[Stored entries]
_ _ _ _ _

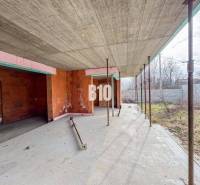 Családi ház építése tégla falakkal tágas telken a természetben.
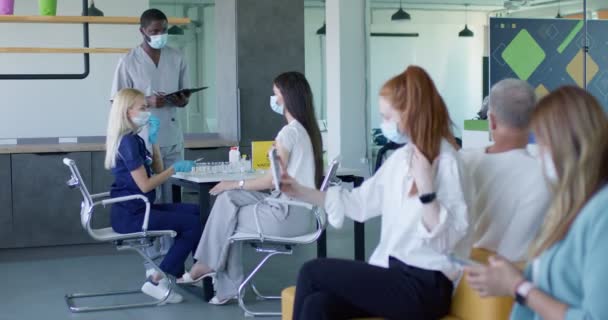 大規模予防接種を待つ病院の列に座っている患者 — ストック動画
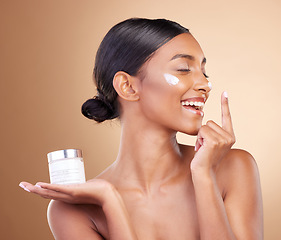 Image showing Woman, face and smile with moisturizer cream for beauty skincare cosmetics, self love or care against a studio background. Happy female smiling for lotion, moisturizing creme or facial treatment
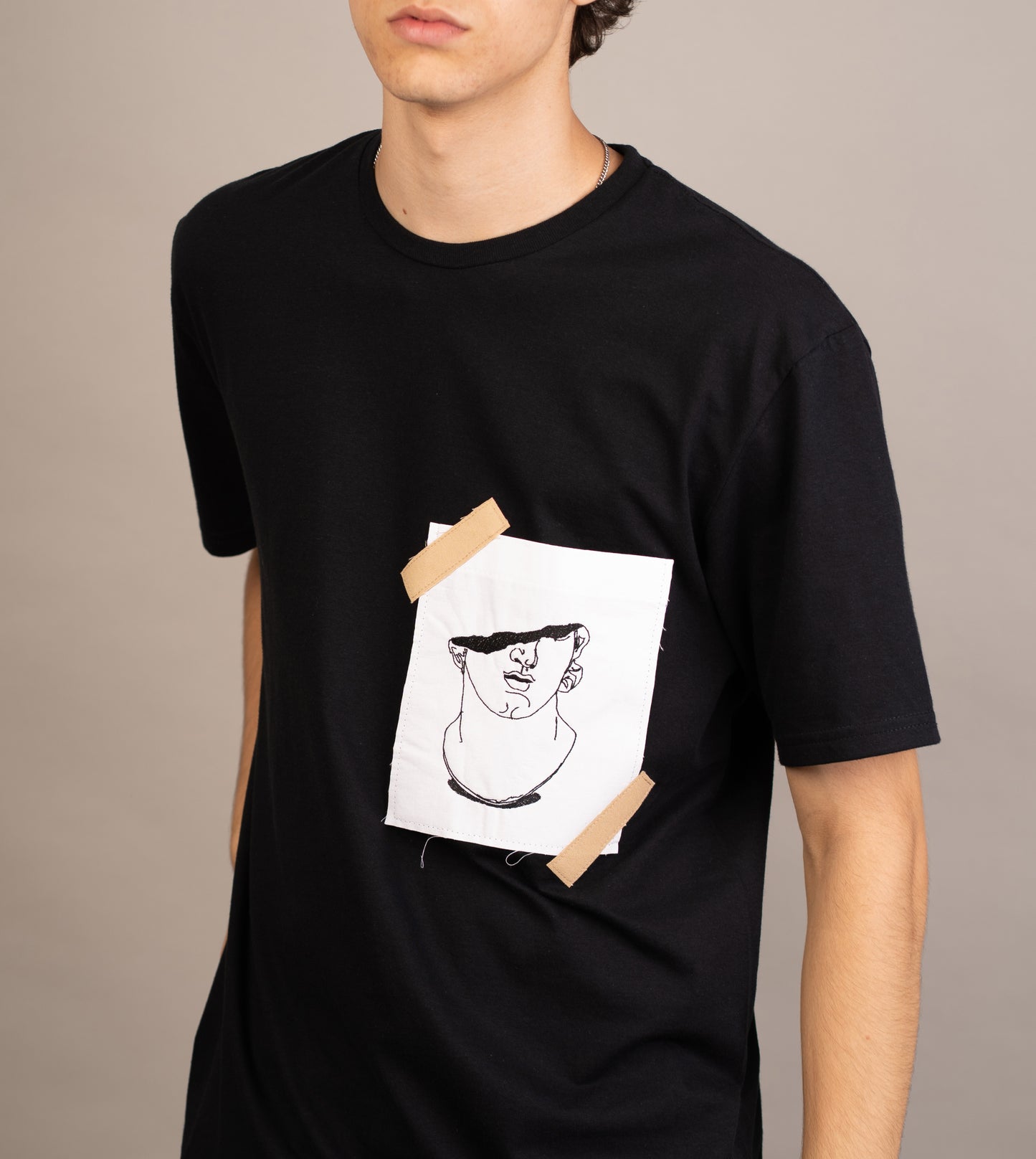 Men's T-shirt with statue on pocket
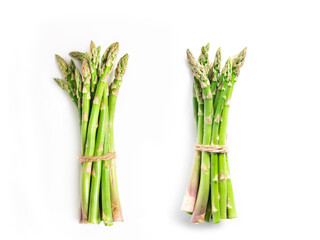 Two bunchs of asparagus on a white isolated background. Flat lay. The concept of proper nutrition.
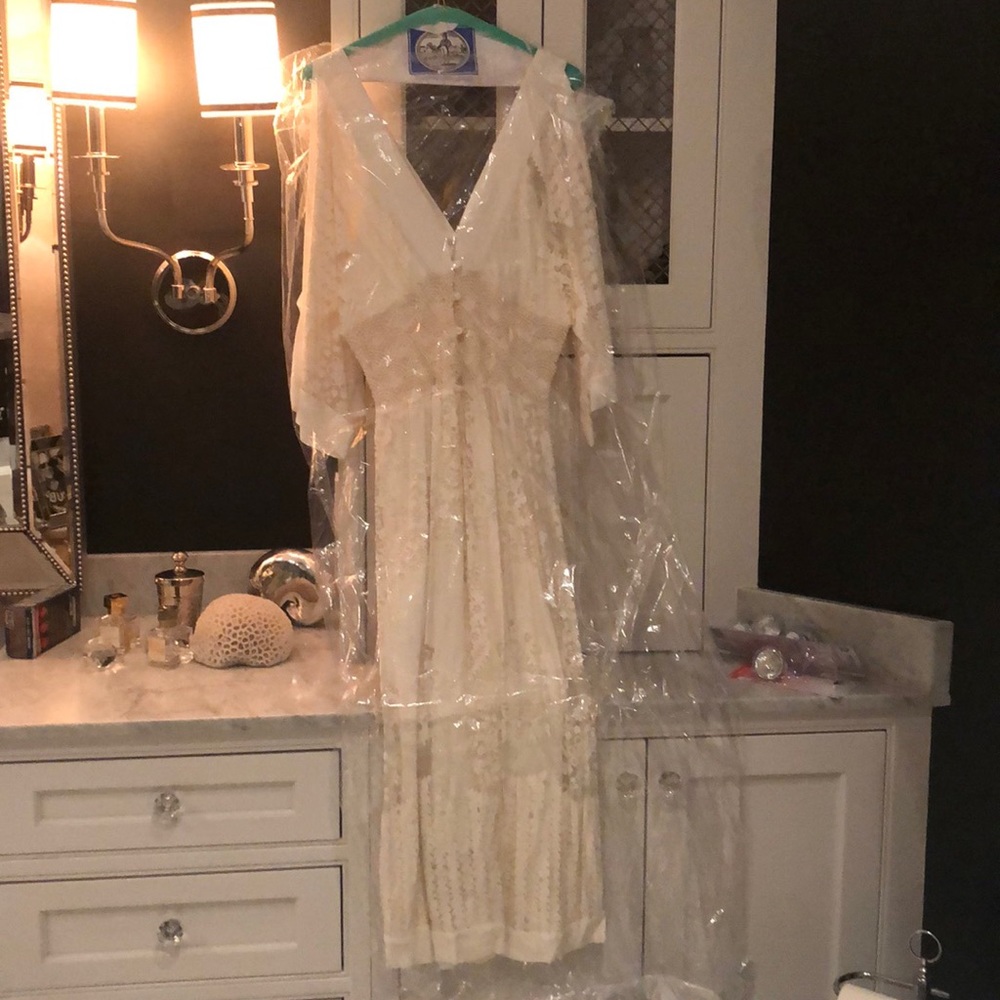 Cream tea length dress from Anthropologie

_ _ _ _ _

**What you need to do**
Starting at the line that contains "Image showing Woman, face", reproduce every line through the last one in the records exactly, and omit all pictures.

**Output of the task**
 Image showing Woman, face and smile with moisturizer cream for beauty skincare cosmetics, self love or care against a studio background. Happy female smiling for lotion, moisturizing creme or facial treatment
 Men's T-shirt with statue on pocket
 Two bunchs of asparagus on a white isolated background. Flat lay. The concept of proper nutrition.
 Cream tea length dress from Anthropologie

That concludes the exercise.